WHAT YOU ARE ASKED TO DO:
Range to copy from the entries below: the line containing "ABB NF32P-3PB6A10 Disconnect" through the line containing "JisuLife - Neck Fan Life5 (4500mAh) - Blue", inclusive. Retype only those lines, exactly, without any images.

RECORDS PROVIDED:
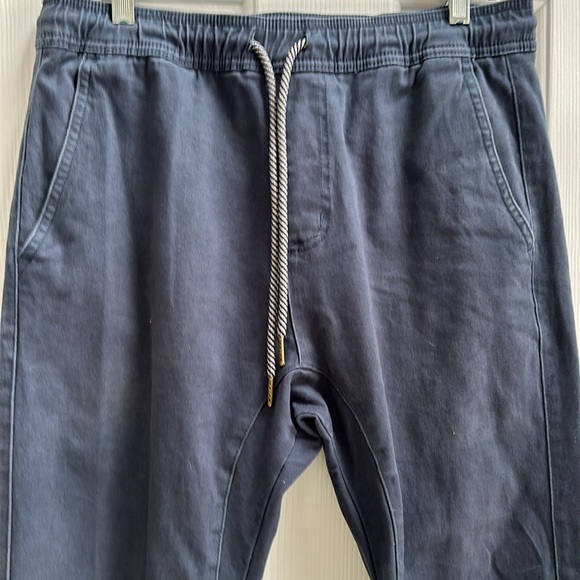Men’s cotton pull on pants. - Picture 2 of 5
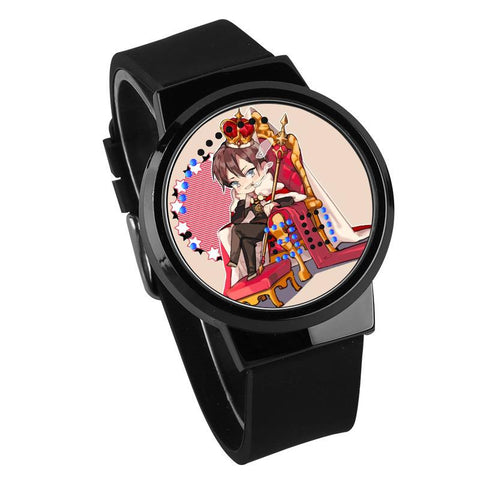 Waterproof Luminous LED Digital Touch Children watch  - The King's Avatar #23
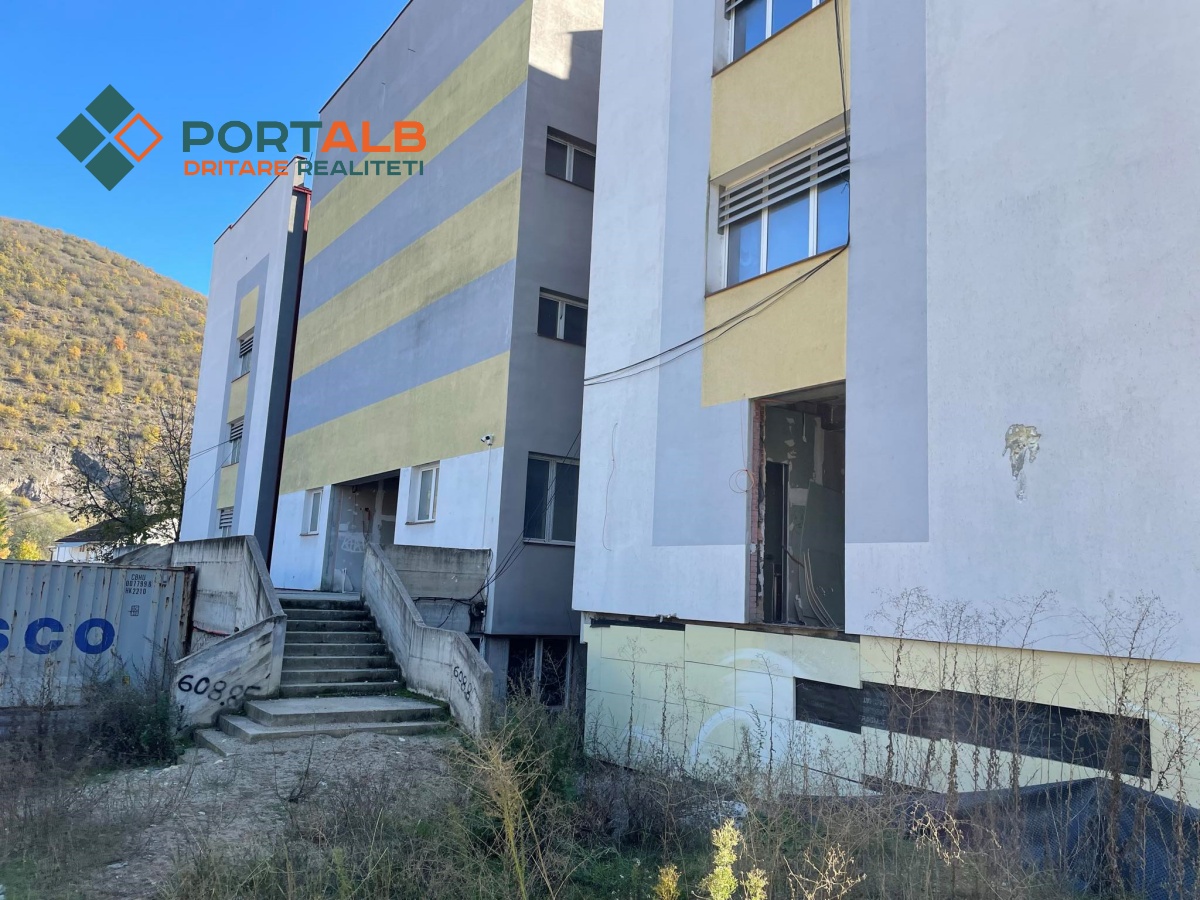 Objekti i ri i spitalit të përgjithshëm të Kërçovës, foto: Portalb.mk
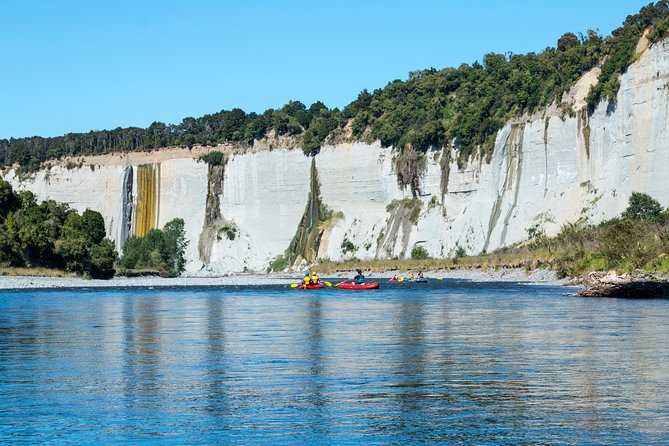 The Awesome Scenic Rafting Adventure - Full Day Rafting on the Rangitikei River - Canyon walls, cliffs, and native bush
* * *
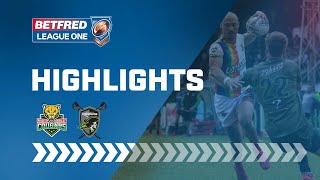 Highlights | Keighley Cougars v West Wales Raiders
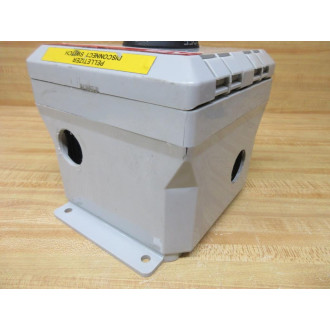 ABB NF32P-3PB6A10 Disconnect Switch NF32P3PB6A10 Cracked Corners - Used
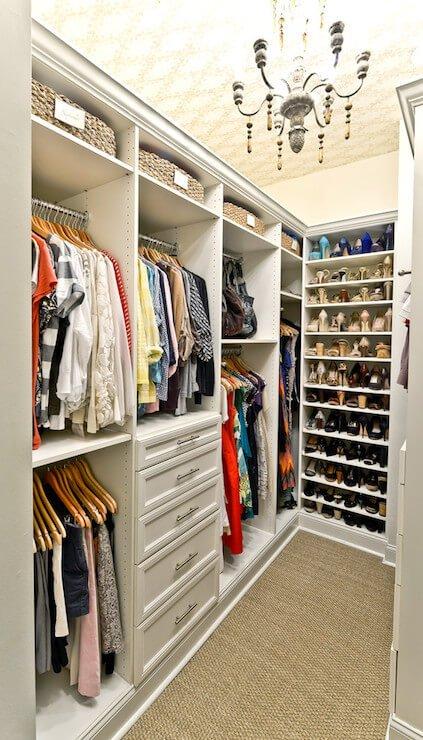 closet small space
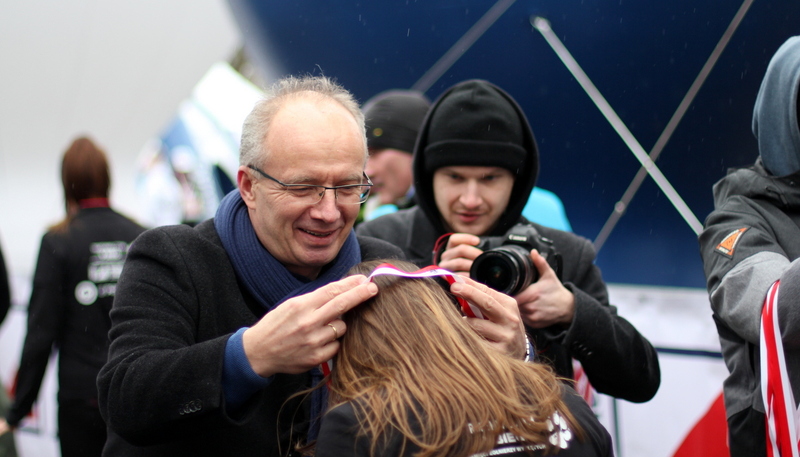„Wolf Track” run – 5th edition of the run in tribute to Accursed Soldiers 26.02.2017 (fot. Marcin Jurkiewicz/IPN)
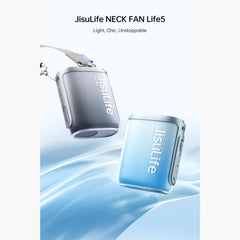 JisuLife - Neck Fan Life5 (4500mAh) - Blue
...
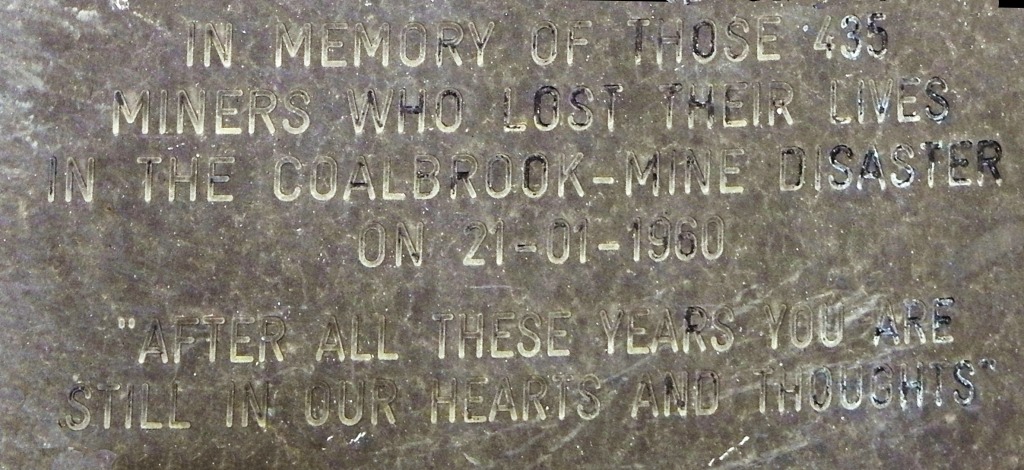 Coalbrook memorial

SOLVED PROBLEM:
 ABB NF32P-3PB6A10 Disconnect Switch NF32P3PB6A10 Cracked Corners - Used
 closet small space
„Wolf Track” run – 5th edition of the run in tribute to Accursed Soldiers 26.02.2017 (fot. Marcin Jurkiewicz/IPN)
 JisuLife - Neck Fan Life5 (4500mAh) - Blue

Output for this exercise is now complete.